Como los primeros espectadores de cine, el poeta y sus lectores se asombran ante el movimiento en secuencias breves —gifs, vídeos de la Red, retransmisiones por webcam de la intimidad sexual.
Ese movimiento, recogido en el título y en la imagen de portada, es todo un lema.
Gracias a él los retratos de Tennessee Williams o de Borges alternan con los de Justin Bieber o los de jovencitos gimnastas anónimos.
El cibersexo, tan presente en estos poemas, lleva a su culminación tendencias literarias como el voyerismo o la melancolía.

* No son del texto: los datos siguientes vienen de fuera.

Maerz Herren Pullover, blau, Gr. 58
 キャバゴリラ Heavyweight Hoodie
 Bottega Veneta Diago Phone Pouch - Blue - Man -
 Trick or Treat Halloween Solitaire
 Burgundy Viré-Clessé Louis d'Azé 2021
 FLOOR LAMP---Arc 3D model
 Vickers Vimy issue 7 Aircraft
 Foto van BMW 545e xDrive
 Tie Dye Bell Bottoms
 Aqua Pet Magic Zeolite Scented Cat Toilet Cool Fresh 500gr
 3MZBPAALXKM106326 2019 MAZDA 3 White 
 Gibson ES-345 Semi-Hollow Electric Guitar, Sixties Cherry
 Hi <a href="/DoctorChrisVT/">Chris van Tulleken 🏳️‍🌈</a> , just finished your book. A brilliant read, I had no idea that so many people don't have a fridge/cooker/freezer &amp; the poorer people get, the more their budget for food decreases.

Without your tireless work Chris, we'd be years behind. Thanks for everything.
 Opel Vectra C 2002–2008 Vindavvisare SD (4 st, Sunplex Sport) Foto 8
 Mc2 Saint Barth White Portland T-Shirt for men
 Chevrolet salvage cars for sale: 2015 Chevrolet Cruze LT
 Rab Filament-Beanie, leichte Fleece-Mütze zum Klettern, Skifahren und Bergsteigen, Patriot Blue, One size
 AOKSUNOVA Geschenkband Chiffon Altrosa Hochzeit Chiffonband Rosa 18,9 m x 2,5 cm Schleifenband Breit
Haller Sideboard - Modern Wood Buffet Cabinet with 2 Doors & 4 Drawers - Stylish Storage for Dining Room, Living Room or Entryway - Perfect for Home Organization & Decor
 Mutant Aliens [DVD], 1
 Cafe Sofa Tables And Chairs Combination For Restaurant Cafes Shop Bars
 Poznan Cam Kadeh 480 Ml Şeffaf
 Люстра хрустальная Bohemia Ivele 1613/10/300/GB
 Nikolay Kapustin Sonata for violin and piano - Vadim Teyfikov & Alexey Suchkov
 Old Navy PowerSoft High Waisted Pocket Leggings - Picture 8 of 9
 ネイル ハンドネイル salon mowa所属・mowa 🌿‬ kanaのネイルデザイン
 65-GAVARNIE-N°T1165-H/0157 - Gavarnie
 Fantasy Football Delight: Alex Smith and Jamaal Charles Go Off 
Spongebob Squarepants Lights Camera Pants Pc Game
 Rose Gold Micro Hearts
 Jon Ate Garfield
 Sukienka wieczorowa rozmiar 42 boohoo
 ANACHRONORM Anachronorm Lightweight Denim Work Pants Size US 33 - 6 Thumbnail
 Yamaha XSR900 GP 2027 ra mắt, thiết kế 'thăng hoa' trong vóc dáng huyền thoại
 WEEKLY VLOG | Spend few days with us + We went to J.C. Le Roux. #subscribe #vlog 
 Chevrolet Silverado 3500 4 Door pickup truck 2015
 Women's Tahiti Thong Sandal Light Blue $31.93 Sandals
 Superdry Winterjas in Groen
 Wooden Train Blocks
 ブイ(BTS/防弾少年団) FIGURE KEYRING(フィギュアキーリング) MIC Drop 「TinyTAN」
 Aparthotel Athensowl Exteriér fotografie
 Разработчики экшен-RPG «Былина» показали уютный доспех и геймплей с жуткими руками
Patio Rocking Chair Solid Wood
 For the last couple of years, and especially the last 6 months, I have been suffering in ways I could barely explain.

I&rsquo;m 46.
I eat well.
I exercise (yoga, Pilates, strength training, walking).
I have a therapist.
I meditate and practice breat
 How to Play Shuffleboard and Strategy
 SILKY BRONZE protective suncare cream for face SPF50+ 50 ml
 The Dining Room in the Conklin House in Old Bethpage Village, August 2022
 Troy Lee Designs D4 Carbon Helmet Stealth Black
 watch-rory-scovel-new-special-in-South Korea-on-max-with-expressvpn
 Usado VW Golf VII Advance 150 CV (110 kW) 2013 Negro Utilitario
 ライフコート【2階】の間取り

Para convertir en oro tanta cantidad y tanta fugacidad hace falta ser más que un alquimista.
De Villena se reviste de auténtico rey Midas. Vuelve áureo todo lo que toca.
Igual que ha sucedido con la imagen, la cultura pop parecía de masas, pero no era nada comparada con este paroxismo en el que todo se exhibe.
Ahora sí que todo puede ser vulgar.
De Villena, aristócrata del espíritu, sabe que todo, incluidos los despojos, puede ser alta cultura.
Desde su primer libro está compartiendo lo sublime del mundo. Una prueba es la naturalidad —fruto del amor— con la que reiteradamente evoca el mundo grecorromano.
Es un poeta. Tiene el secreto para volver inmortal lo efímero.